The Pirates actually got a little offense, but another early meltdown by Trevor Cahill and more inherited runner arson by Duane Underwood, Jr., were more than they could overcome. An early 6-0 deficit turned into an 8-5 loss to St. Louis.
Cahill retired only three batters. He gave up a run on two doubles in the first, then loaded the bases in the second before leaving with calf tightness. Underwood let all three runners score and two of his own. He’s allowed 10 of 11 inherited runners to score since coming to the Pirates.
The Pirates stranded five runners in the second and third, but finally got on board in the fifth on Gregory Polanco’s fourth home run of the year, a two-run shot. Luis Oviedo, on for some white flag work, quickly gave those two back in the bottom of the inning.

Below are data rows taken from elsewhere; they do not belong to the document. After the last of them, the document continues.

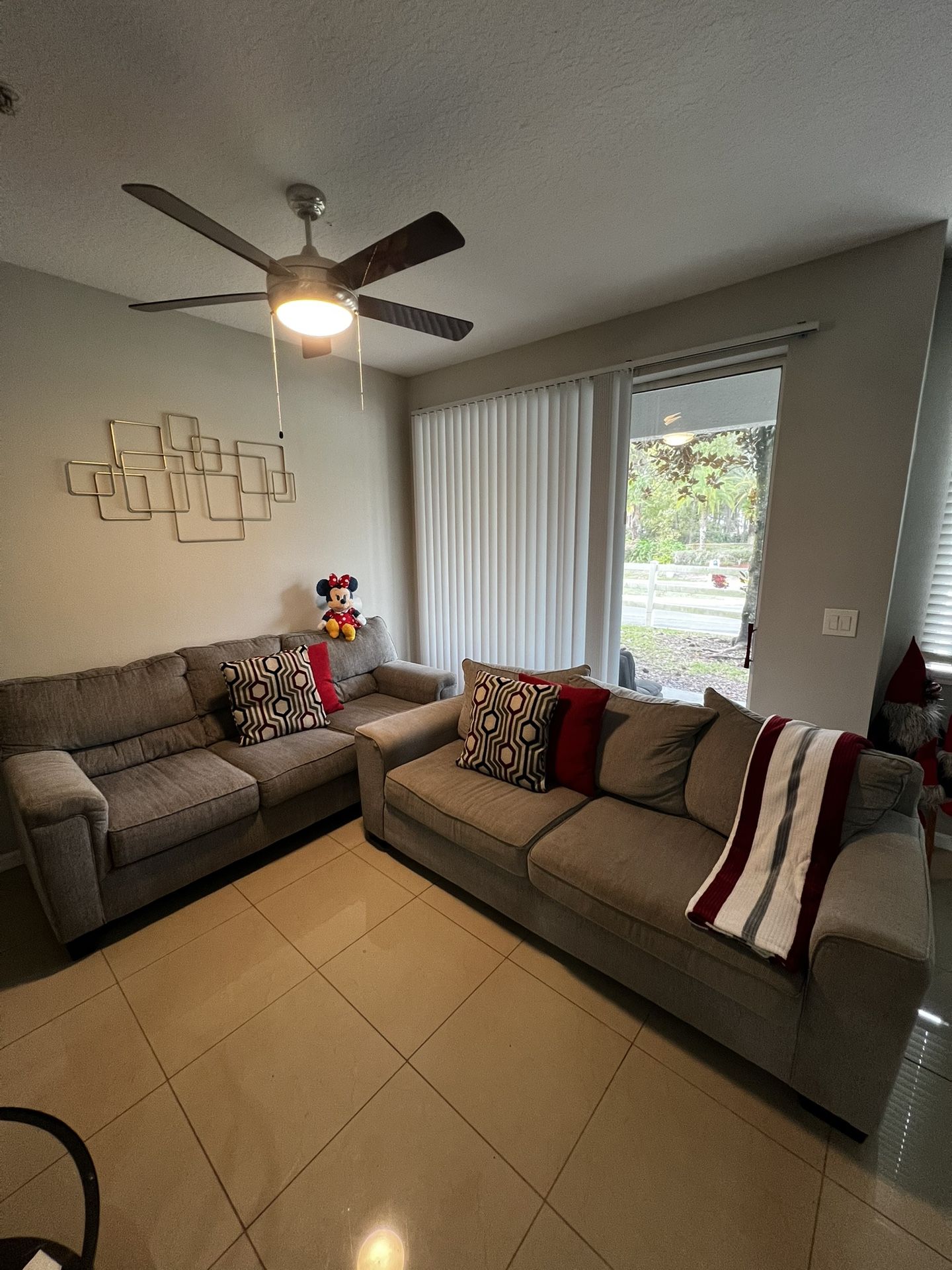 Muebles De Sala Y Comedor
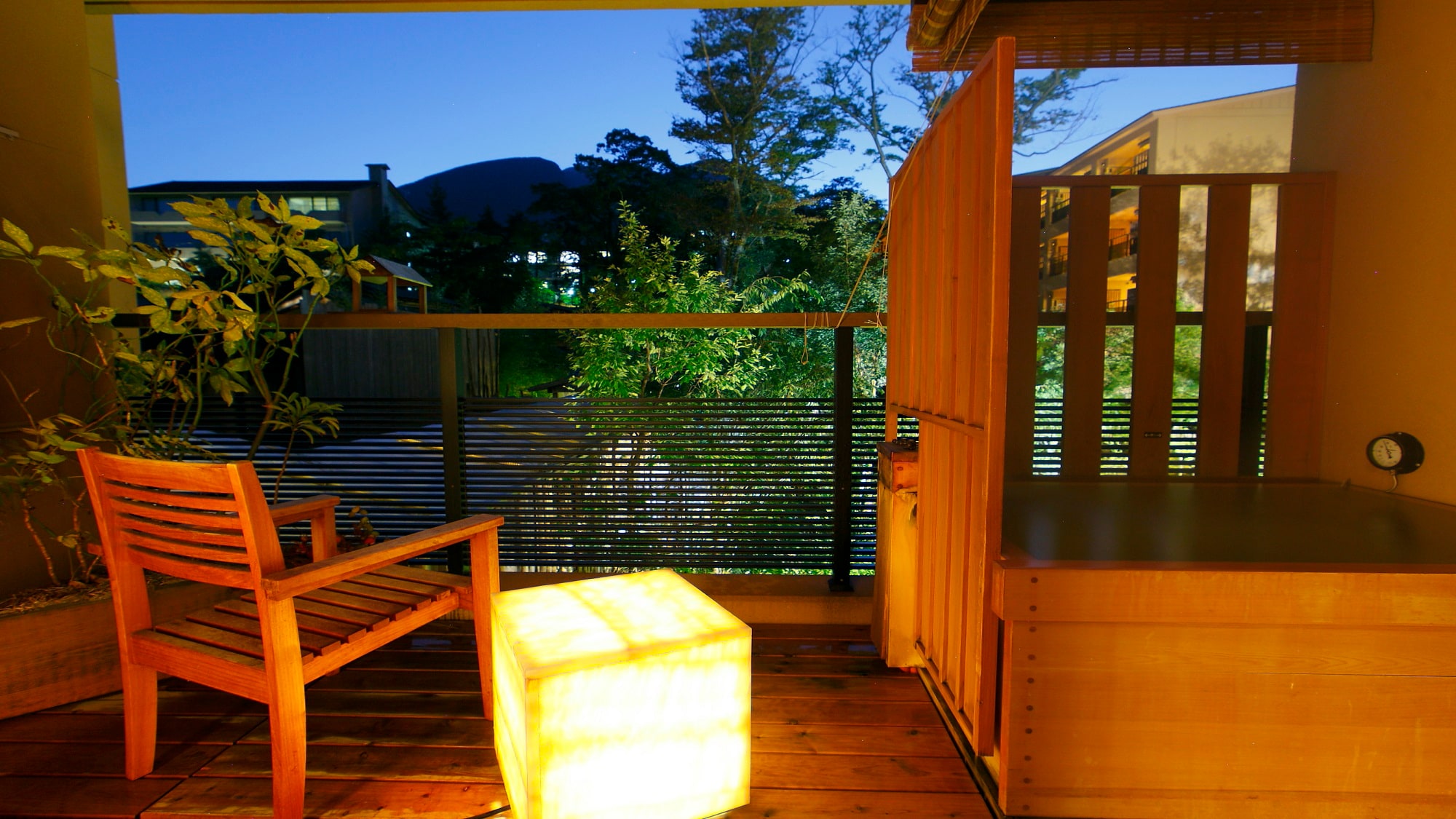 [Guest room terrace open-air bath] Have a private time on the terrace open-air bath. * The guest room open-air bath is not a hot spring.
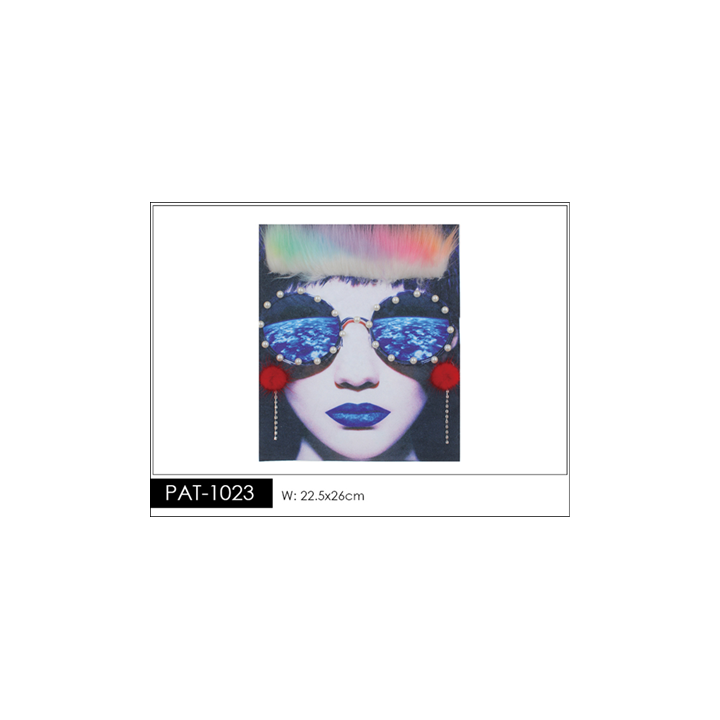 Parche decorado PAT-1023 con lentejuelas, perlas y barbas.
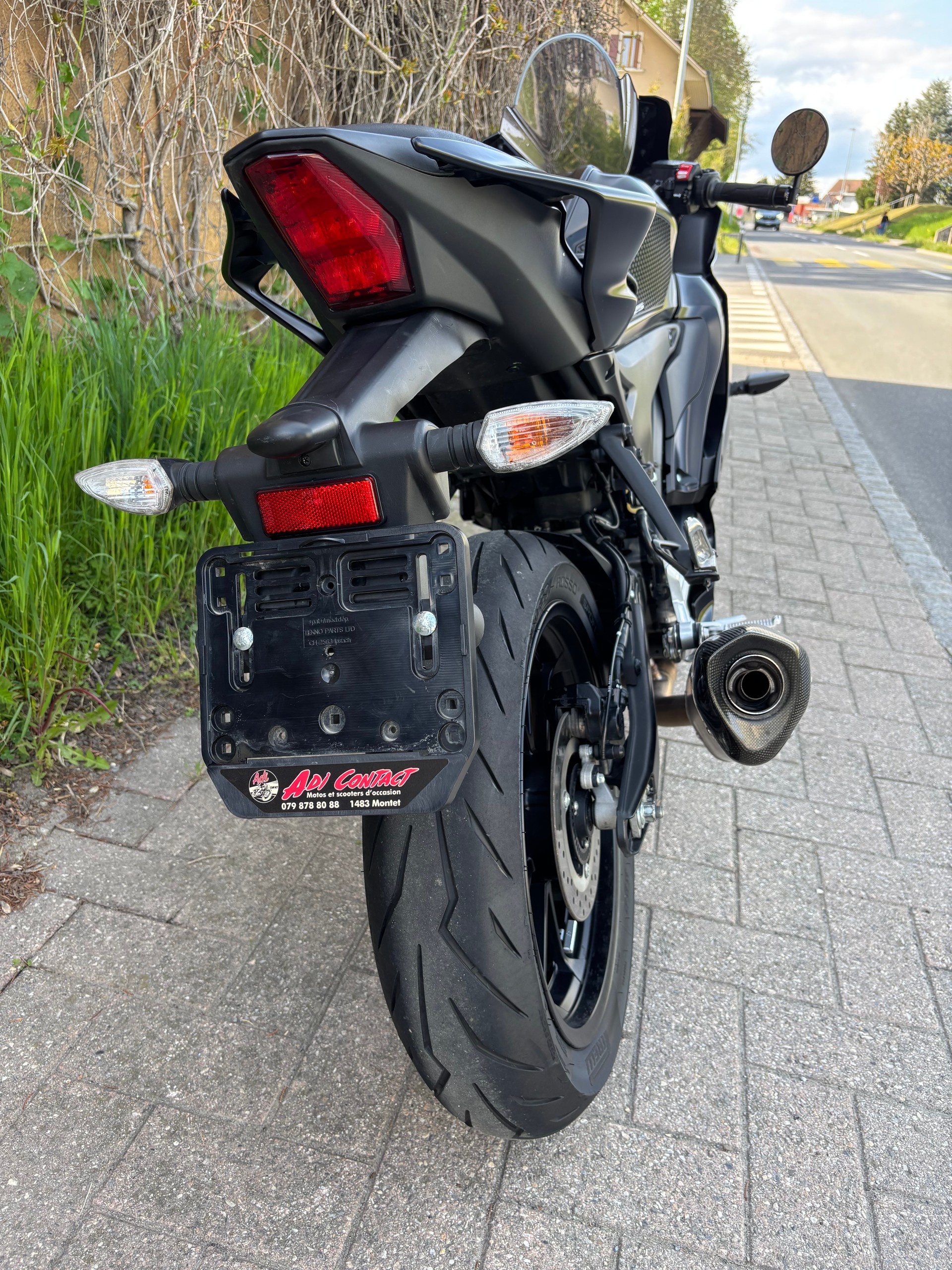 YAMAHA YZF-R 125 ABS-image-11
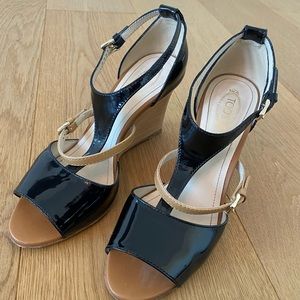 TOD’S Italian Leather Wedge Sandals - Camel and Black Patent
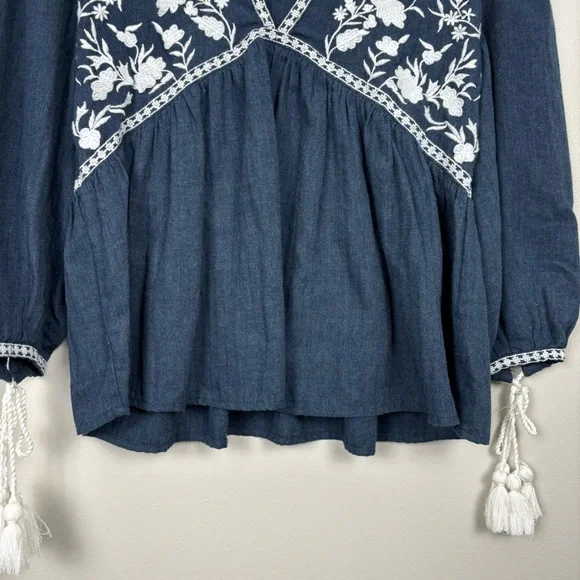Zara ZRF Top Women's XS Blue Embroidered Chambray Baby Doll Bohemian Flawed - Picture 3 of 9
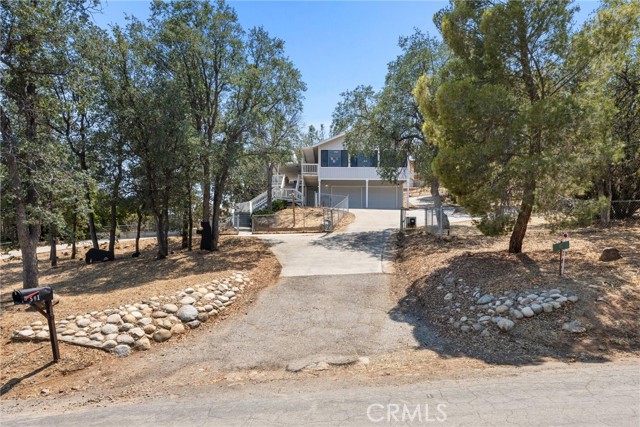 Detail Gallery Image 9 of 49 For 501 Old State Rd, Wofford Heights,  CA 93285 - 4 Beds | 3 Baths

It wasn’t the most discouraging outing ever; the Cards loaded the bases before Oviedo retired anybody, but he managed to give up only two runs and then threw a scoreless sixth.
That left it 8-2 until the seventh, when the Pirates uncharacteristically got some hits with runners in scoring position. They got one run on a force play, Polanco singled in another for his third RBI, and Ildemaro Vargas, in his first Pirate at-bat, singled in a third as a pinch hitter.
But that was it. Sam Howard had a strong seventh inning after a leadoff walk, fanning Dylan Carlson, Paul Goldschmidt and Nolan Arenado. Kyle Keller had a quick eighth. The Pirates, though, went down in order in the eighth. In the ninth, after a leadoff single by Kevin Newman, the next three hitters whiffed.
The Pirates had nine hits, a massive total for them. Michael Perez extended his current streak to 0-for-26 and is now hitting .085.